Nessuna persona di buon senso si sognerebbe di chiedere alla Gran Bretagna o alla Norvegia di rinunciare allo sfruttamento dei loro giacimenti offshore. Non fosse altro perché queste attività hanno consentito alla Gran Bretagna di superare la crisi economica della fine degli anni 70 e alla Norvegia di finanziare il suo sviluppo e il suo “sontuoso” stato sociale. Avrebbe ,invece, senso chiedere che queste attività siano svolte nel massimo rispetto dell’ambiente e della sicurezza di chi vi lavora, che ad essere impiegate siano le tecnologie più avanzate e le migliori competenze professionali e che i benefici siano equamente distribuiti e finalizzati allo sviluppo generale del paese.

Non sono questi, però, gli obbiettivi che le regioni promotrici del Referendum del 17 aprile intendono perseguire. Quello che in realtà esse si propongono è di avviare un processo che porti alla cessazione di ogni attività , sia estrattiva che di ricerca, nelle nostre acque territoriali. Si propongono ,in pratica ,di impedire l’utilizzo delle riserve di gas e di olio di cui il nostro paese dispone in quelle aree. Una cosa del tutto insensata e una offesa nei confronti di quanti, a cominciare da Enrico Mattei, si sono impegnati per garantire all’Italia un minimo di indipendenza energetica.

Questa pretesa va respinta. Innanzitutto facendo chiarezza sui dati. Non è vero , come sostiene Greenpeace, che il contributo di queste attività al fabbisogno nazionale sia insignificante.
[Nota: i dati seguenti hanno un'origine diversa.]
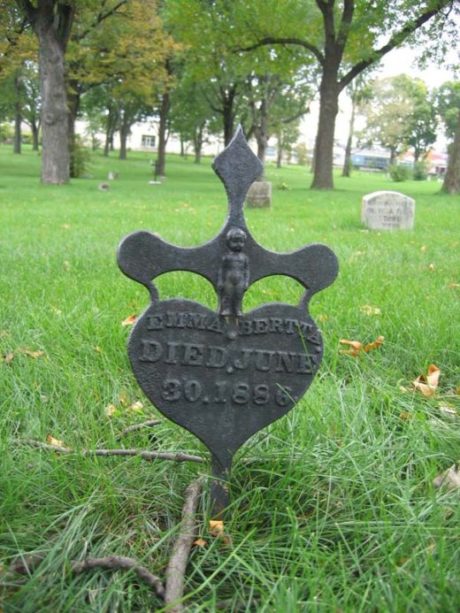 “The babies [from the Baby Farm on Nicollet Avenue] are buried in unmarked graves at various locations throughout the cemetery.” This heart shaped grave marker is for Emma Bertta who died June 30th 1886, marker of a heart shaped cross and whose family did provide this marker.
Oggi la produzione nazionale copre il10,3 del fabbisogno di olio e l’11,3 di quello del gas. Questo “insignificante” ha prodotto nel 2015 una riduzione della “bolletta energetica “ di circa 4,5 miliardi di euro! Non è neppure vero che il settore sia economicamente marginale . Il fatturato delle imprese direttamente coinvolte è di 5,7 miliardi di euro che salgono a 20 se si considera il fatturato dell’indotto italiano nel mondo. Gli addetti diretti ed indiretti nella sola attività estrattiva sono più di 130.000 persone, davvero tutt’altro che poche. ( più di 30.000 su progetti Italia ,tra diretti e indiretti e indotto non oil and gas e oltre 100.000 addetti nell’indotto per l’export).

Al di là del numero degli addetti e del fatturato, conta anche la qualità delle imprese, il loro know how, la professionalità dei loro dipendenti. Valga per tutti il nome della Micoperi, l’impresa che ha raddrizzato e portato via la nave Concordia arenata nell’isola del Giglio. La gestione degli impianti e delle piattaforme in questi anni ha garantito la sicurezza dei lavoratori e la salvaguardia dell’ambiente. Non risulta che la Citta di Ravenna abbia sofferto sotto il profilo del turismo balneare o della valorizzazione del suo immenso patrimonio culturale per il fatto di ospitare molte di queste attività. Questo settore investe otre 300 milioni nella ricerca , in stretto rapporto con le Università e i Politecnici. Le imposte che versa all’erario superano gli 800 milioni e sono più di 400 quelli versati a titolo di royalties o di canone. E’ un settore che crea lavoro e produce ricchezza, che diffonde professionalità e competenze e che “da, davvero, una mano “al paese in un mercato, quello dell’energia, che ha un valore strategico assoluto .

Ma le regioni che hanno chiesto il referendum non sembrano essere più di tanto interessate ai problemi dell’energia. Quello che a loro preme è il rapporto fra lo Stato e le Regioni in materia di politiche energetiche. E’ un problema reale, che va però affrontato nel quadro del dibattito sulle riforme istituzionali e non surrettiziamente. L a via scelta, quella della durata delle concessioni , è sbagliata e il referendum proposto è strumentale e può rivelarsi rovinoso. Per questo va fermato e ciò si può fare in due soli modi: o non andando a votare ( cosa del tutto corretta se si considera che a richiederlo non sono stati i cittadini firmando la domanda ma gli uffici regionali), oppure votando NO. In ogni caso l’auspicio è che a prevalere , oltre all’interesse nazionale, sia il buon senso.

Gianfranco Borghini è presidente del comitato per il no al referendum sulle trivellazioni petrolifere.